BRUSSELS - Telephone bugs have been discovered at offices used by France, Germany and Britain in the building where European Union leaders are due to hold a summit this week, an EU spokesman said on Wednesday.
Sweden's EU ambassador said only a few intelligence services were capable of installing such sophisticated devices, which may have been in action undetected ever since the pink granite EU Council building was inaugurated in 1995.
Officials said the wiretapping devices, found in a routine security sweep on February 28, were attached to phone lines to delegation suites used regularly by national leaders, ministers and senior officials attending EU meetings.
The countries targeted were France, Germany, Britain, Italy, Spain and Austria, the officials said.
The French newspaper Le Figaro, which broke the story in a brief item in its diplomatic gossip column, accused the United States of being behind the wiretapping, revealed amid acute transatlantic tension over looming war in Iraq.
But Dominique-Georges Marro, head of the EU Council press service, told reporters: "We do not know who is behind it. I don't know who was on the other end of the line."
After EU ambassadors were briefed on the espionage affair, Swedish envoy Sven-Olaf Petersson told reporters: "They were very sophisticated installations, we are told, which only a few intelligence services are able to install."
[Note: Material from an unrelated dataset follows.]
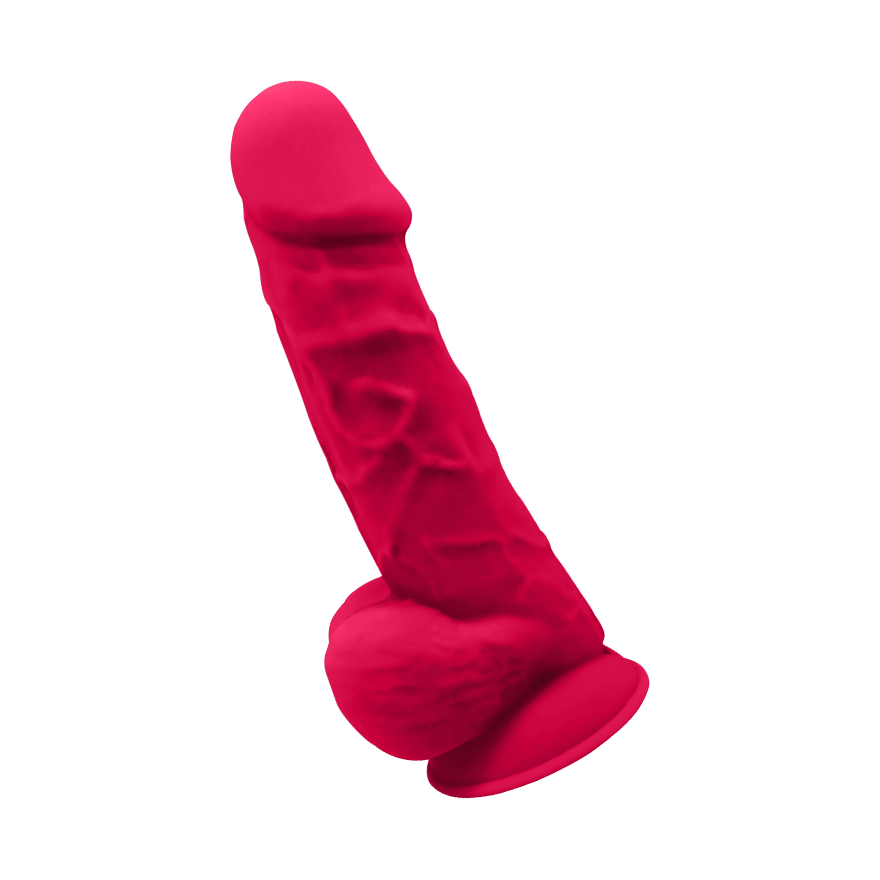 Real Love - Dildo with Balls, 21,6 cm Sex-Spielzeuge online kaufen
He said the devices had been found on February 28, attached to certain phone lines in the central switchboard. It was not clear why ministers and ambassadors were not informed until after the Le Figaro report.
"TRANSPARENT" EU
"There are many indications that they were installed with the building (in) 1994-95. It is naturally very serious that someone has installed illegal listening devices in our building," Petersson said.
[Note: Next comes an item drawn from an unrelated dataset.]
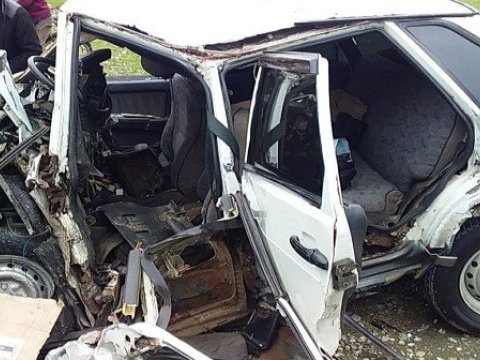 Bakıda faciə: ata azyaşlı övladı ilə qəzada ÖLDÜ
The discovery added to the sense of gloom and distrust in Brussels ahead of an EU summit set to be dominated by the Iraq crisis, which has deeply divided the 15-nation bloc.
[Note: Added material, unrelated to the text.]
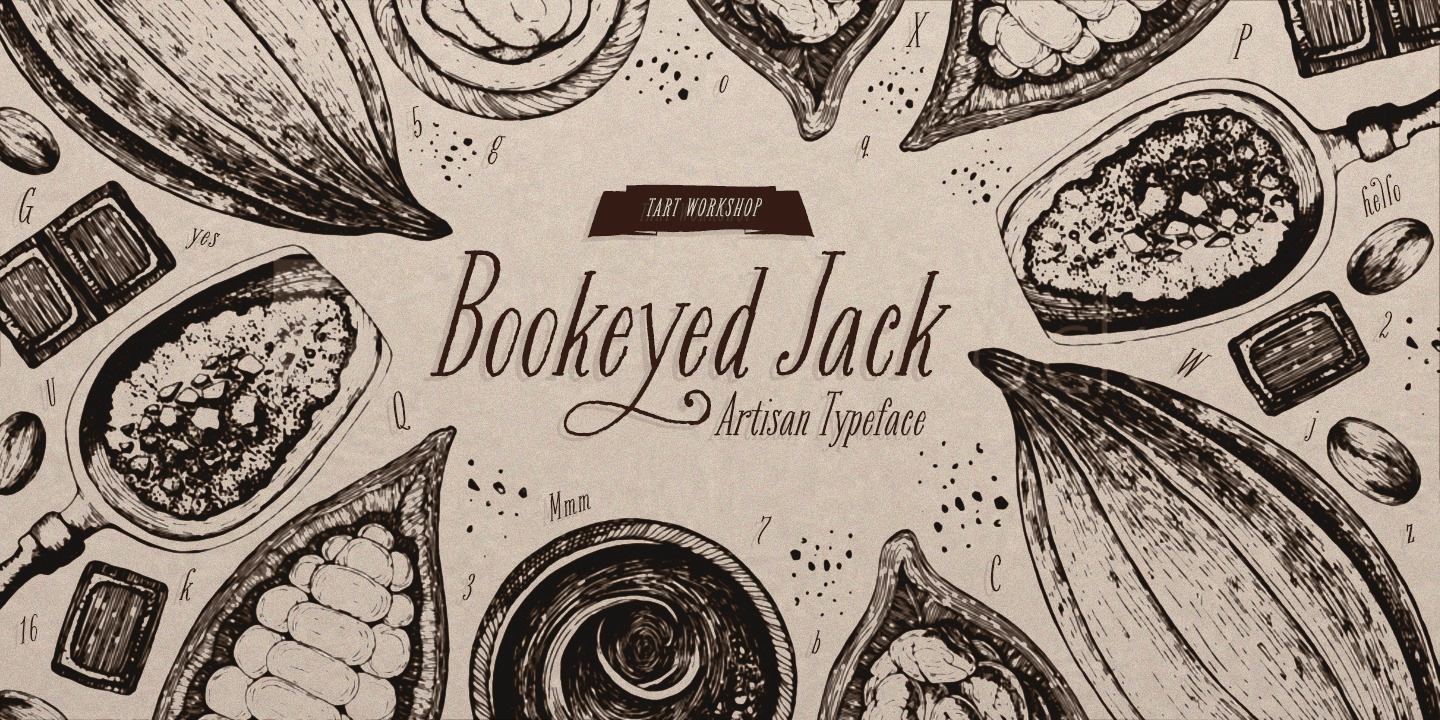 Bookeyed Jack Poster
Britain, Italy and Spain have strongly backed the United States' plans for war on Iraq while France and Germany have led EU and wider international opposition to any military action.
Greek Foreign Minister George Papandreou, whose country holds the EU's rotating presidency, condemned the wire-tapping but tried to laugh it off.
"To all those who feel a need to tap our phones let me say that Europe is a very transparent organization. They are welcome to use our Web site (to get information)... They should not go to such lengths," he told a news conference.
One EU diplomat said several delegations had received a warning two weeks ago to avoid confidential telephone calls in the Council building because of the danger of eavesdropping.
But Papandreou said he only found out about the incident on Wednesday morning, as did EU foreign policy chief Javier Solana whose office is in the Justus Lipsius council building.
Neither Solana's office nor those of EU military personnel were among those targeted, officials said.
The Council's security service is conducting the probe with help from the authorities of host country Belgium and those countries affected by the wiretapping, officials said.